===== Material to process =====

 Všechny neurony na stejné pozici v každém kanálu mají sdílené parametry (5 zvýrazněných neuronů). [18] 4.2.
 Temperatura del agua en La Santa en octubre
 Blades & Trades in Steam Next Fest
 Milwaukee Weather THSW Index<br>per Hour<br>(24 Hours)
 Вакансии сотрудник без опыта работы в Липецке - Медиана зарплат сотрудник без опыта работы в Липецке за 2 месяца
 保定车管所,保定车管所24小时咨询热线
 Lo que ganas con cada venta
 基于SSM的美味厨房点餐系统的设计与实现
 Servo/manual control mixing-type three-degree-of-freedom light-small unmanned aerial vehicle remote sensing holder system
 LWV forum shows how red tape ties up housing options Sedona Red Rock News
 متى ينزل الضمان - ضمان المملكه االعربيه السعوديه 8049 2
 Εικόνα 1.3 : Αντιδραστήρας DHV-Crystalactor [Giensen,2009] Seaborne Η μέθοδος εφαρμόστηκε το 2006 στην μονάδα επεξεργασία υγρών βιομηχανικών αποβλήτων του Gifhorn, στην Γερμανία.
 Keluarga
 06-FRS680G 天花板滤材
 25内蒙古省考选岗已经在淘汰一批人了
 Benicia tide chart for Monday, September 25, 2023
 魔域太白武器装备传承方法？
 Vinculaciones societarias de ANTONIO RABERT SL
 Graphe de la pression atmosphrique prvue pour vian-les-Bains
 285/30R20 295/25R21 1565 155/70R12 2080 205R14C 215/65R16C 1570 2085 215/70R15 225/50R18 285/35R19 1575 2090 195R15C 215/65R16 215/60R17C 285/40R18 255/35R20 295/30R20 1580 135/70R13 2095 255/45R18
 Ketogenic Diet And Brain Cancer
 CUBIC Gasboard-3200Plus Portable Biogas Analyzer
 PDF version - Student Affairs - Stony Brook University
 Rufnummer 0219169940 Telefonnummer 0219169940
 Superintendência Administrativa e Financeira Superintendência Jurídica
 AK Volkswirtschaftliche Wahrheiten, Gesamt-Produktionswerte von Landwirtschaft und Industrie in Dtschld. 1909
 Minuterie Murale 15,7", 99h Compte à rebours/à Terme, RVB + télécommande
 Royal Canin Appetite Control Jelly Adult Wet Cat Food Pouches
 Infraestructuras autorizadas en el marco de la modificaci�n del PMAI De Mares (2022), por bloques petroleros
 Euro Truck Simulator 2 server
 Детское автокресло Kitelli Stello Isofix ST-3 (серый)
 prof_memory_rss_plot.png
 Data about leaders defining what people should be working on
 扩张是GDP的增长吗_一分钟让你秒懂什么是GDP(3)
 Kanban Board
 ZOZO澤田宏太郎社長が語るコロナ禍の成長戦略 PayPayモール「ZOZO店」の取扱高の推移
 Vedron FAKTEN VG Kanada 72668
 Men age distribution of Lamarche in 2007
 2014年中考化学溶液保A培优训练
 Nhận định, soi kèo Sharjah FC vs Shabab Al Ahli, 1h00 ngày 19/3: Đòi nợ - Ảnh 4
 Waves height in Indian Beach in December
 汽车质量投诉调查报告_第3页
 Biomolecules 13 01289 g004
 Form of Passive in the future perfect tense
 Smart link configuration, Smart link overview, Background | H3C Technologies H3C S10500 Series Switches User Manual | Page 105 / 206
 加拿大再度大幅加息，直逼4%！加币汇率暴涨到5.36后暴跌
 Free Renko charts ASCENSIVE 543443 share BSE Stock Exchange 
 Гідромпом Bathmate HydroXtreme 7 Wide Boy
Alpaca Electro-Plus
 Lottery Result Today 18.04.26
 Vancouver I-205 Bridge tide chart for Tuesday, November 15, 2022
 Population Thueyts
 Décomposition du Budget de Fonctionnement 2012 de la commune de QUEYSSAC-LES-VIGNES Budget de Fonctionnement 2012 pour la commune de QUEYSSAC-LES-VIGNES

=====

→ **Instructions for the task**
Every record, restated word for word, should make up your reply.

→ **Answer to the exercise**
 Všechny neurony na stejné pozici v každém kanálu mají sdílené parametry (5 zvýrazněných neuronů). [18] 4.2.
 Temperatura del agua en La Santa en octubre
 Blades & Trades in Steam Next Fest
 Milwaukee Weather THSW Index<br>per Hour<br>(24 Hours)
 Вакансии сотрудник без опыта работы в Липецке - Медиана зарплат сотрудник без опыта работы в Липецке за 2 месяца
 保定车管所,保定车管所24小时咨询热线
 Lo que ganas con cada venta
 基于SSM的美味厨房点餐系统的设计与实现
 Servo/manual control mixing-type three-degree-of-freedom light-small unmanned aerial vehicle remote sensing holder system
 LWV forum shows how red tape ties up housing options Sedona Red Rock News
 متى ينزل الضمان - ضمان المملكه االعربيه السعوديه 8049 2
 Εικόνα 1.3 : Αντιδραστήρας DHV-Crystalactor [Giensen,2009] Seaborne Η μέθοδος εφαρμόστηκε το 2006 στην μονάδα επεξεργασία υγρών βιομηχανικών αποβλήτων του Gifhorn, στην Γερμανία.
 Keluarga
 06-FRS680G 天花板滤材
 25内蒙古省考选岗已经在淘汰一批人了
 Benicia tide chart for Monday, September 25, 2023
 魔域太白武器装备传承方法？
 Vinculaciones societarias de ANTONIO RABERT SL
 Graphe de la pression atmosphrique prvue pour vian-les-Bains
 285/30R20 295/25R21 1565 155/70R12 2080 205R14C 215/65R16C 1570 2085 215/70R15 225/50R18 285/35R19 1575 2090 195R15C 215/65R16 215/60R17C 285/40R18 255/35R20 295/30R20 1580 135/70R13 2095 255/45R18
 Ketogenic Diet And Brain Cancer
 CUBIC Gasboard-3200Plus Portable Biogas Analyzer
 PDF version - Student Affairs - Stony Brook University
 Rufnummer 0219169940 Telefonnummer 0219169940
 Superintendência Administrativa e Financeira Superintendência Jurídica
 AK Volkswirtschaftliche Wahrheiten, Gesamt-Produktionswerte von Landwirtschaft und Industrie in Dtschld. 1909
 Minuterie Murale 15,7", 99h Compte à rebours/à Terme, RVB + télécommande
 Royal Canin Appetite Control Jelly Adult Wet Cat Food Pouches
 Infraestructuras autorizadas en el marco de la modificaci�n del PMAI De Mares (2022), por bloques petroleros
 Euro Truck Simulator 2 server
 Детское автокресло Kitelli Stello Isofix ST-3 (серый)
 prof_memory_rss_plot.png
 Data about leaders defining what people should be working on
 扩张是GDP的增长吗_一分钟让你秒懂什么是GDP(3)
 Kanban Board
 ZOZO澤田宏太郎社長が語るコロナ禍の成長戦略 PayPayモール「ZOZO店」の取扱高の推移
 Vedron FAKTEN VG Kanada 72668
 Men age distribution of Lamarche in 2007
 2014年中考化学溶液保A培优训练
 Nhận định, soi kèo Sharjah FC vs Shabab Al Ahli, 1h00 ngày 19/3: Đòi nợ - Ảnh 4
 Waves height in Indian Beach in December
 汽车质量投诉调查报告_第3页
 Biomolecules 13 01289 g004
 Form of Passive in the future perfect tense
 Smart link configuration, Smart link overview, Background | H3C Technologies H3C S10500 Series Switches User Manual | Page 105 / 206
 加拿大再度大幅加息，直逼4%！加币汇率暴涨到5.36后暴跌
 Free Renko charts ASCENSIVE 543443 share BSE Stock Exchange 
 Гідромпом Bathmate HydroXtreme 7 Wide Boy
Alpaca Electro-Plus
 Lottery Result Today 18.04.26
 Vancouver I-205 Bridge tide chart for Tuesday, November 15, 2022
 Population Thueyts
 Décomposition du Budget de Fonctionnement 2012 de la commune de QUEYSSAC-LES-VIGNES Budget de Fonctionnement 2012 pour la commune de QUEYSSAC-LES-VIGNES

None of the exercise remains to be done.